Another non-limiting example of method <NUM> using other variables such as room reservation, check-in times, check-out times, and/or special events to dynamically adjust the schedule may include selection of a desired mode or re-configuration of a pre-programmed schedule stored in lock memory <NUM>. For example, when a hotel guest checks-in to their room, this event may be registered by server <NUM> and either sent to remote device <NUM> or an adjustment request is sent to remote device <NUM> so that the schedule can be dynamically changed (step <NUM>) before the hotel guest arrives so that the adjusted schedule optimizes for guest performance when using their mobile device <NUM> with the lock <NUM>. After a room has been vacated, and is no longer occupied, then a nominal schedule can be set back into the access control <NUM> by the remote device <NUM> where the adjusted schedule conserves more battery life. Dynamic scheduling facilitates an optimized interaction between the user of the mobile device <NUM> and the access control <NUM> while also optimizing for conserving energy in batteries <NUM> for as long of a battery life as possible.

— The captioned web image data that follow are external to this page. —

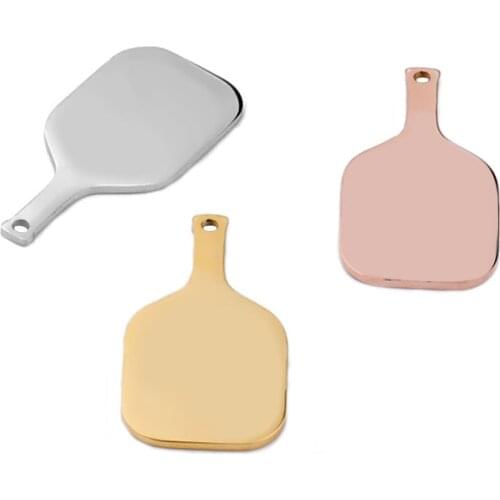 5Pcs/Lot Mirror Polished Stainless Steel Military Army Tags Pendant Racket-Shaped Jewelry Rectangle Charms Accessories Wholesale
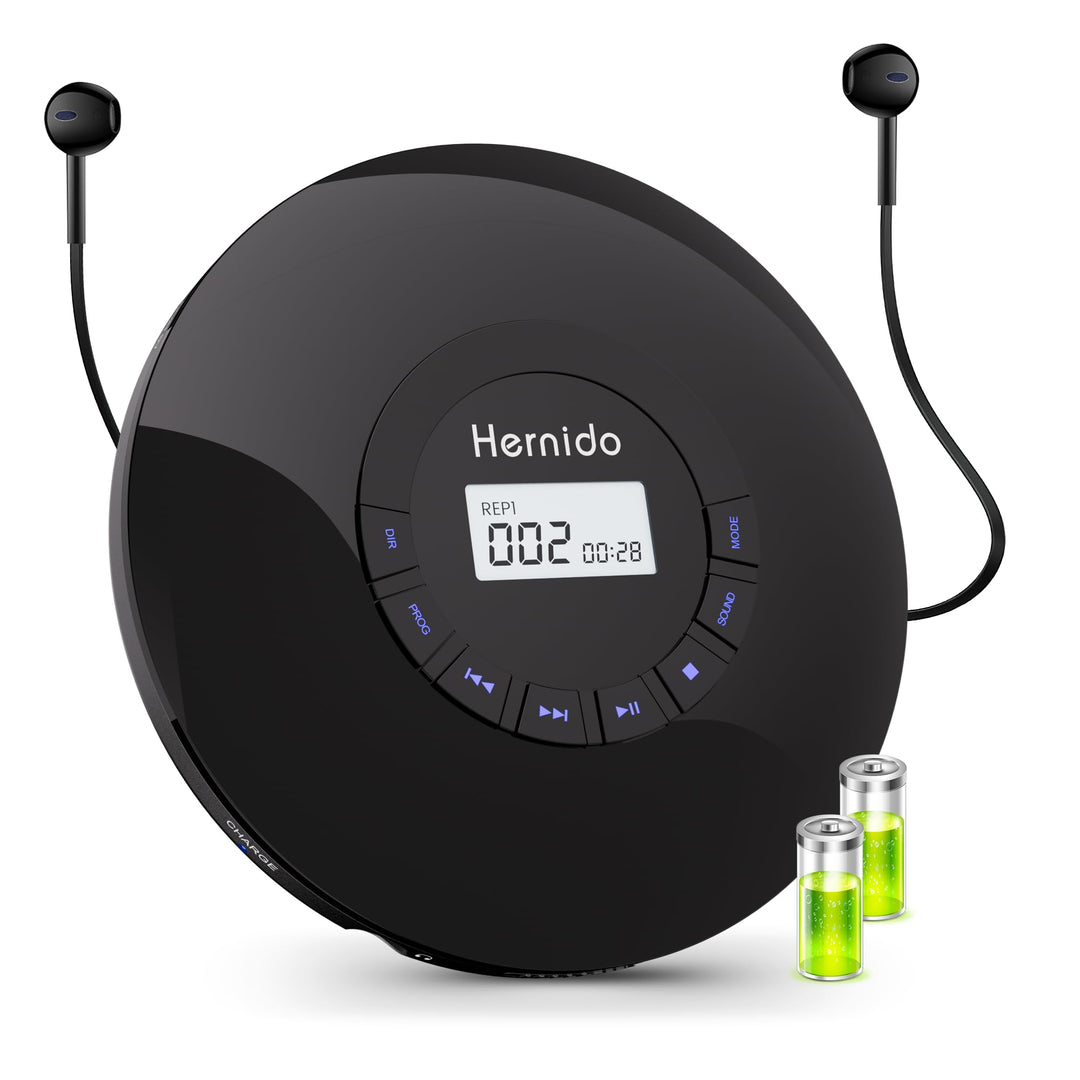 Hernido Tragbarer CD-Player mit Kopfhörer, CD-Player mit wiederaufladbarem Akku, Kompakter CD-Walkma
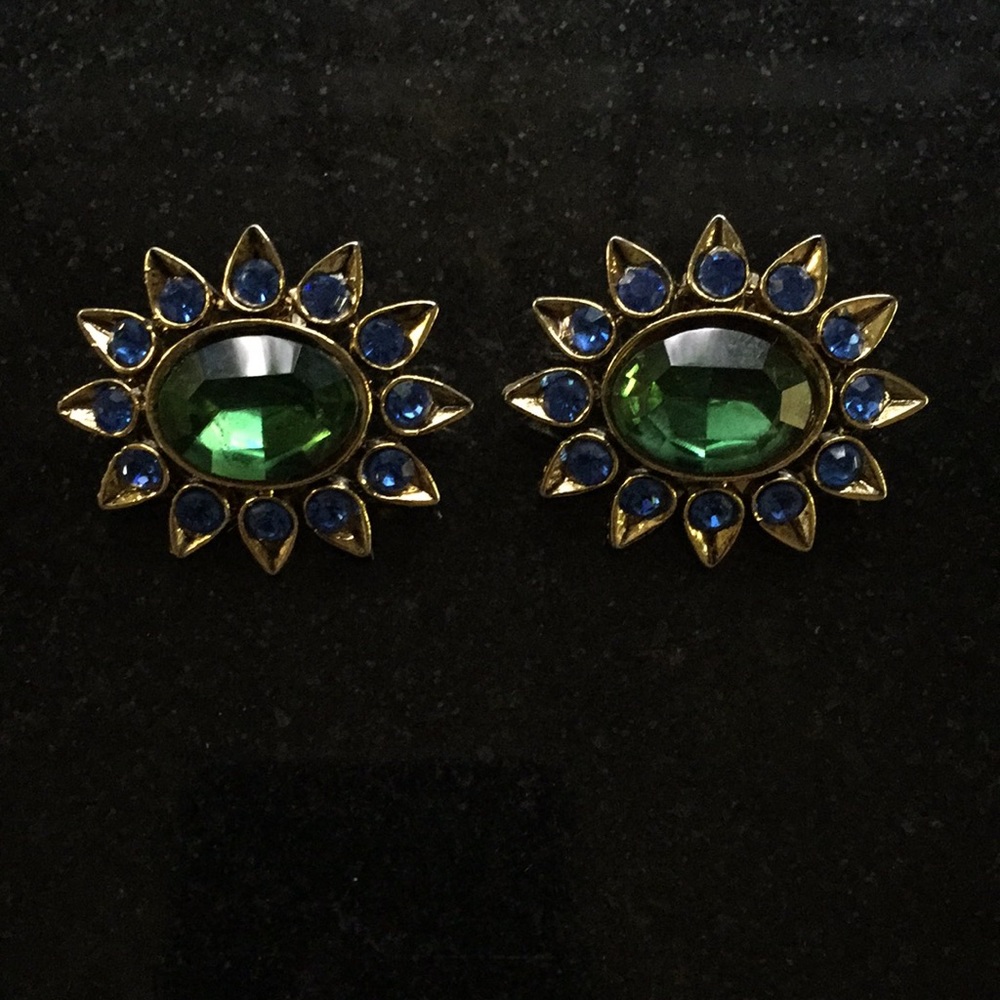 Vintage costume clip earrings in gold tone, green, & blue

The elements described and depicted herein, including in flow charts and block diagrams throughout the figures, imply logical boundaries between the elements. However, according to software or hardware engineering practices, the depicted elements and the functions thereof may be implemented on machines through computer executable media having a processor capable of executing program instructions stored thereon as a monolithic software structure, as standalone software modules, or as modules that employ external routines, code, services, and so forth, or any combination of these, and all such implementations may be within the scope of the present disclosure.

The use of the terms "a," "an," "the," and similar references in the context of description (especially in the context of the following claims) are to be construed to cover both the singular and the plural, unless otherwise indicated herein or specifically contradicted by context. The modifier "about" used in connection with a quantity is inclusive of the stated value and has the meaning dictated by the context (e.g., it includes the degree of error associated with measurement of the particular quantity). All ranges disclosed herein are inclusive of the endpoints, and the endpoints are independently combinable with each other.

Although the different non-limiting embodiments have specific illustrated components, the embodiments of this invention are not limited to those particular combinations. It is possible to use some of the components or features from any of the non-limiting embodiments in combination with features or components from any of the other non-limiting embodiments.

It should be appreciated that like reference numerals identify corresponding or similar elements throughout the several drawings. It should also be appreciated that although a particular component arrangement is disclosed in the illustrated embodiment, other arrangements will benefit herefrom.

Claim 1:
A method of dynamically changing a mode of advertising for an electromechanical lock (<NUM>), the method comprising:
transmitting advertisements via Bluetooth low energy, BTLE, from the electromechanical lock according to a nominal mode; and
changing the nominal mode in response to a pre-set schedule, wherein changing the nominal mode in response to the pre-set schedule includes changing the nominal mode to a slower mode or a faster mode while a state of a variable of the electromechanical lock persists;
wherein the state of the variable is a deadbolt status of the electromechanical lock; and
characterized by overriding the pre-set schedule for a period of time in response to an event.